■ **Activity**
Write back, word for word, the lines from the one containing "Lascana Hoodie -Capuchonsweatshirt, Loungeshirt" to the end of the listing below. Include nothing else, and no pictures.

■ **Dataset records**
==============================
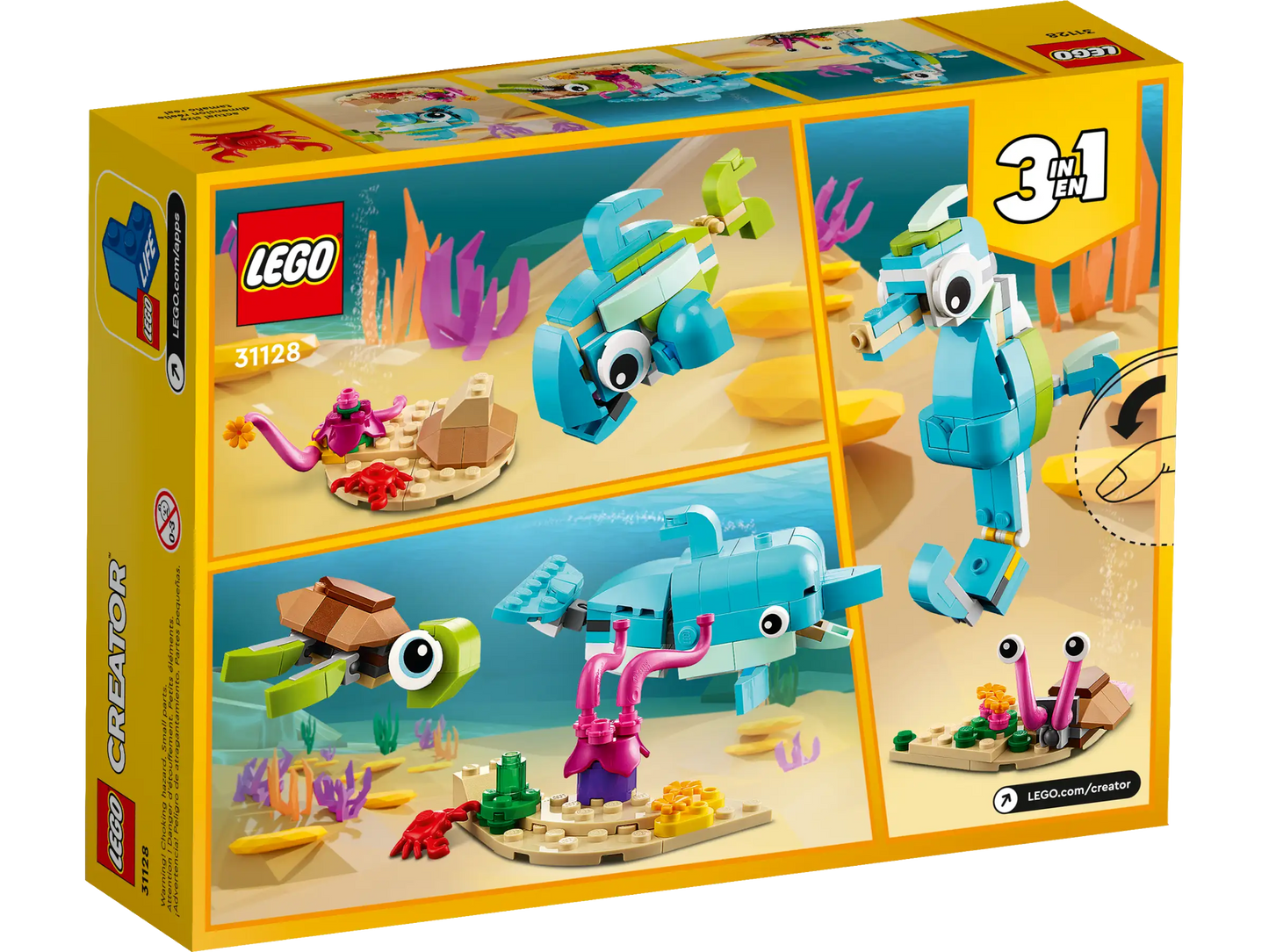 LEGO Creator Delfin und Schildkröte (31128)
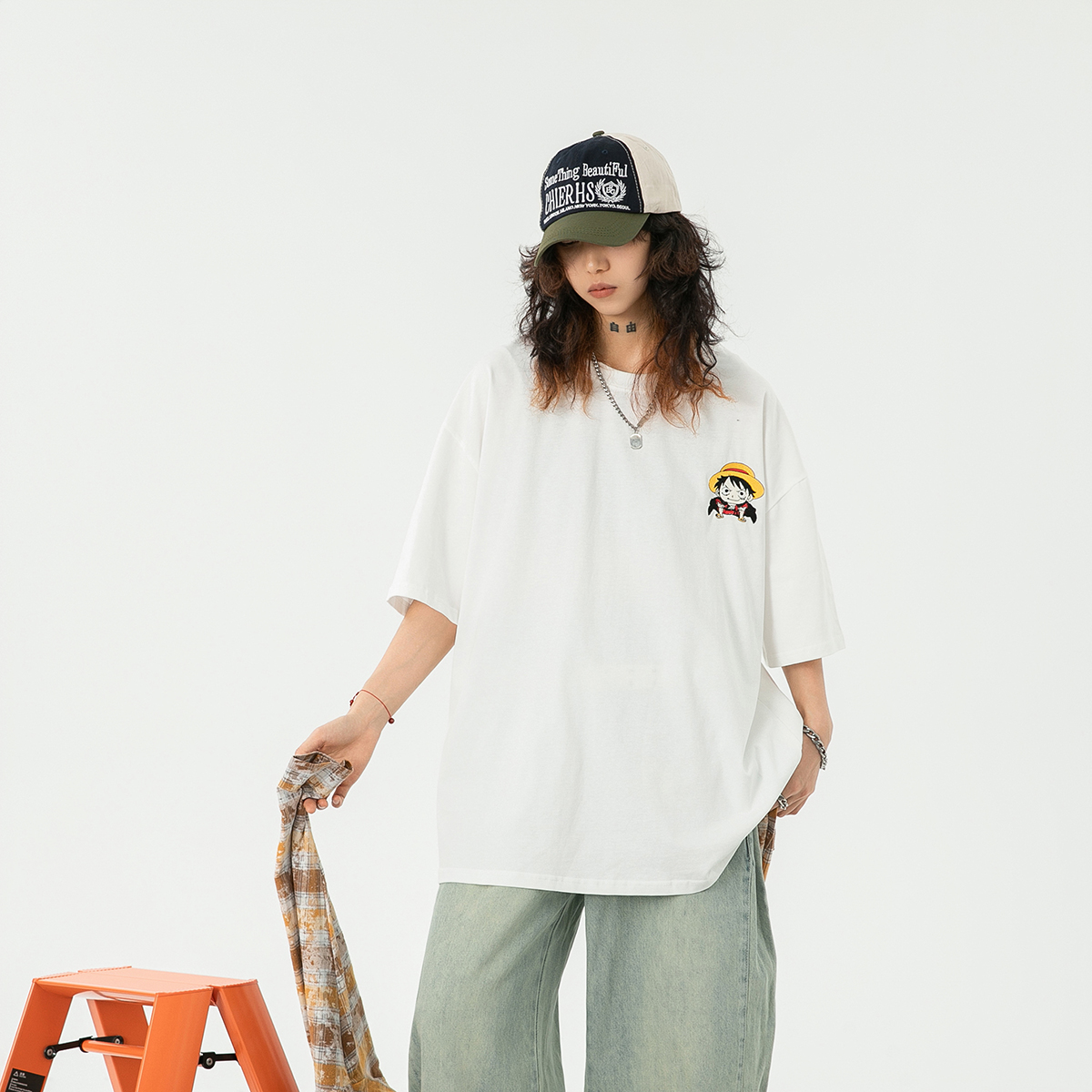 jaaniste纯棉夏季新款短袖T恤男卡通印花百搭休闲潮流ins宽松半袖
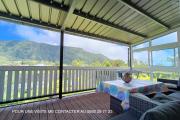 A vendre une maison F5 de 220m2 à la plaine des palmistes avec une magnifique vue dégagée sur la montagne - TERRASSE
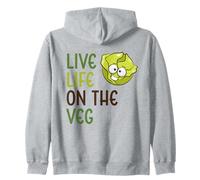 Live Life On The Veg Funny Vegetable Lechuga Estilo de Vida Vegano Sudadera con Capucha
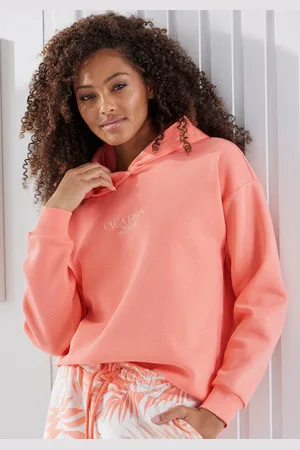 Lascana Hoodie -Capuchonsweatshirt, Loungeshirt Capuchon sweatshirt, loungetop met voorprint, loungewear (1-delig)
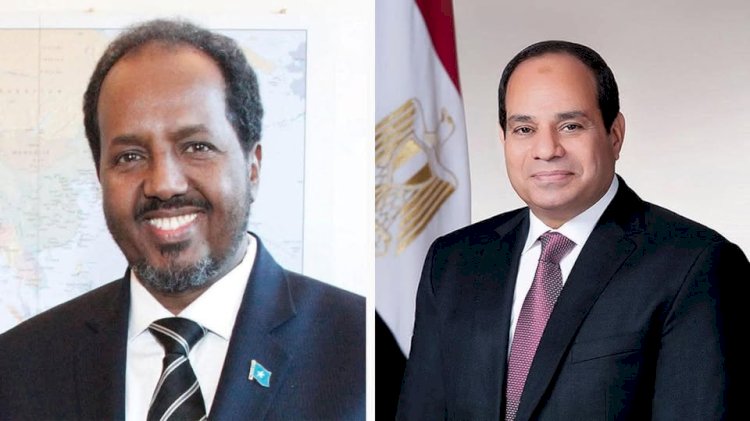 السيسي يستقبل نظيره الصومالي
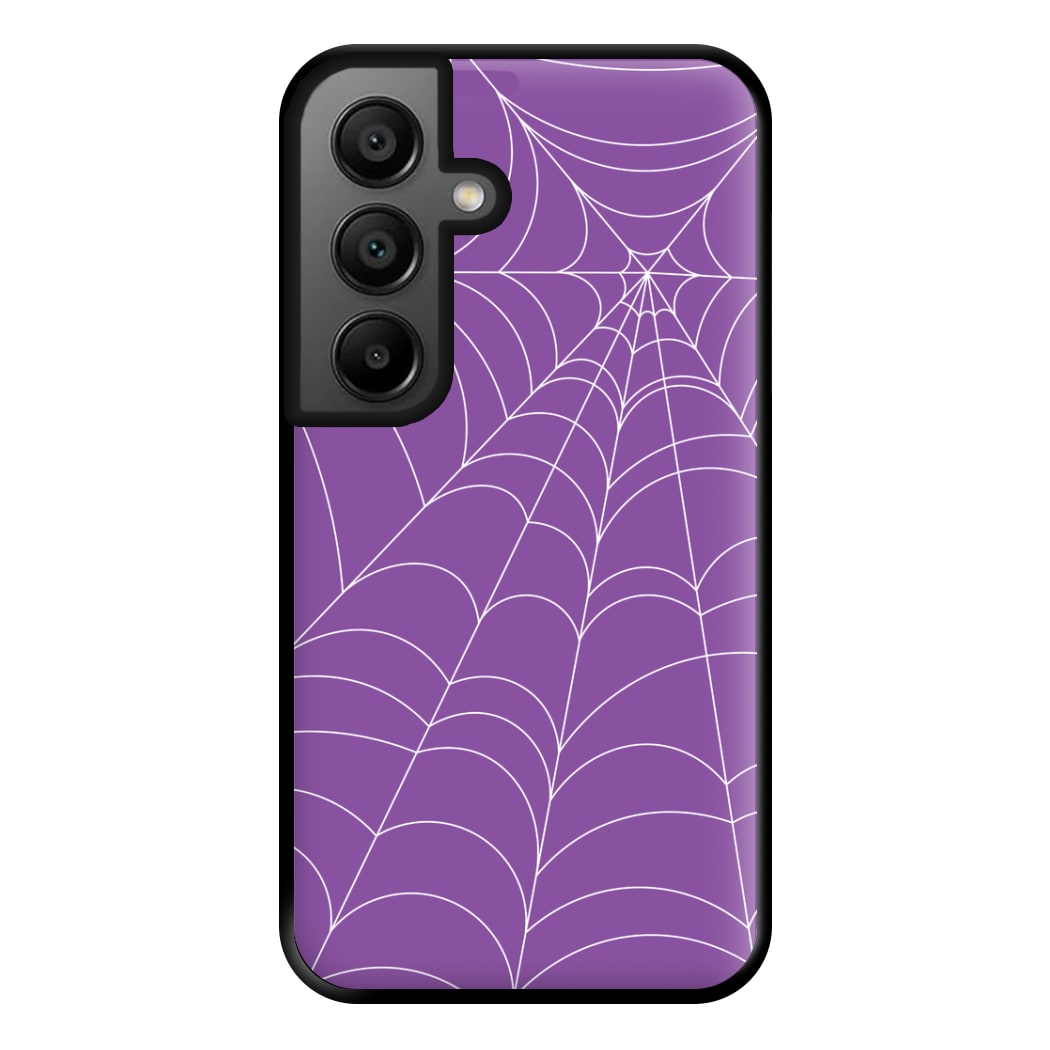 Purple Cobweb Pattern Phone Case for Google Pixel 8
==============================
■ **Solution to this problem**
 Lascana Hoodie -Capuchonsweatshirt, Loungeshirt Capuchon sweatshirt, loungetop met voorprint, loungewear (1-delig)
 السيسي يستقبل نظيره الصومالي
 Purple Cobweb Pattern Phone Case for Google Pixel 8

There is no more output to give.